South Carolina Lawsuit Underlines Resettlement Concerns of Citizens

Published on February 25th, 2016

The South Carolina Republican Party primary has dominated the news cycle for the last couple of weeks. Lost in the brouhaha is a lawsuit filed by Walter Brian Bilbro, a self-described concerned citizen who opposes refugee resettlement into his state. Bilbro’s lawyer, Lauren Martel, filed the suit against Gov. Nikki Haley, the State Department of Social Services and two nonprofit entities, and called for a refugee resettlement halt in South Carolina “until a full accounting of any and all federal money used in this program and specifically where it was allocated and how allocated (and) in which counties.”

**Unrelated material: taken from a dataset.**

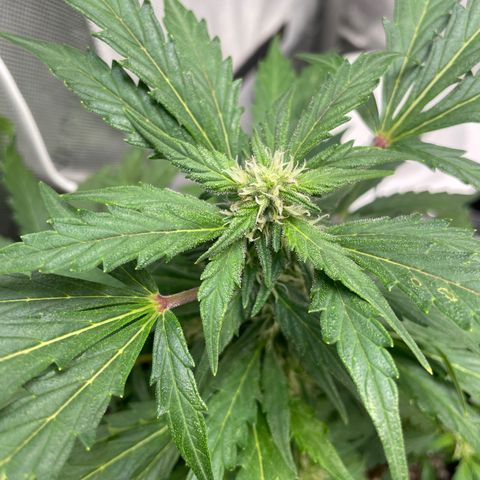 Critical plus 2.0 growlog timeline photo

Suddenly, the lawsuit returned the debate about refugee resettlement back into the headlines, and underlined the helplessness average Americans feel when migrants arrive in their hometowns. Despite overwhelming public resistance, the federal government announced late last year that the United States would increase its annual number of refugees to 85,000 in the current fiscal year, including an additional 10,000 from terrorist-sponsoring Syria and Iraq.

Congressional watchdog agency reveals
deep flaws in resettlement programs.

Bilbro’s lawsuit also calls for an end to the current practice of rubberstamping green card applications for unvetted minors, predominantly from Central America, who eventually vanish into the U.S. interior. On February 22, the Government Accountability Office issued a report that showed how pitiful a job Health and Human Services has done in managing the Central American border surge and how little regard the federal government has for citizens’ interests in the process. The Washington Post summarized the report:

“The government agency [HHS] tasked with placing thousands of Central American children into communities while they await immigration court decisions has no system for tracking the children, does not keep complete case files and has allowed contractors to operate with little oversight, according to a report released Monday by the Government Accountability Office.”

The GAO findings prompted Senate Judiciary Chair Charles Grassley and Senator John Cornyn to blast the administration for failing to provide for the children and to adequately monitor the grantees and sponsors.

Sadly, although the GAO consistently does stellar work, the White House rarely heeds its findings. In a footnote to its report, GAO noted that HHS agreed, no doubt a token, with its recommendations – to regularly update its capacity capability, to better monitor the grantees and to provide meaningful post-release summaries.

The Central American surge is in its fifth consecutive year. Hopes for a summer slowdown are slim. In the meantime, abuses like this where minors were forced into slave labor-like conditions on an Ohio poultry farm, sexually assaulted and nearly starved aren’t motivation enough for the White House to pro-actively stop the illegal border crossings.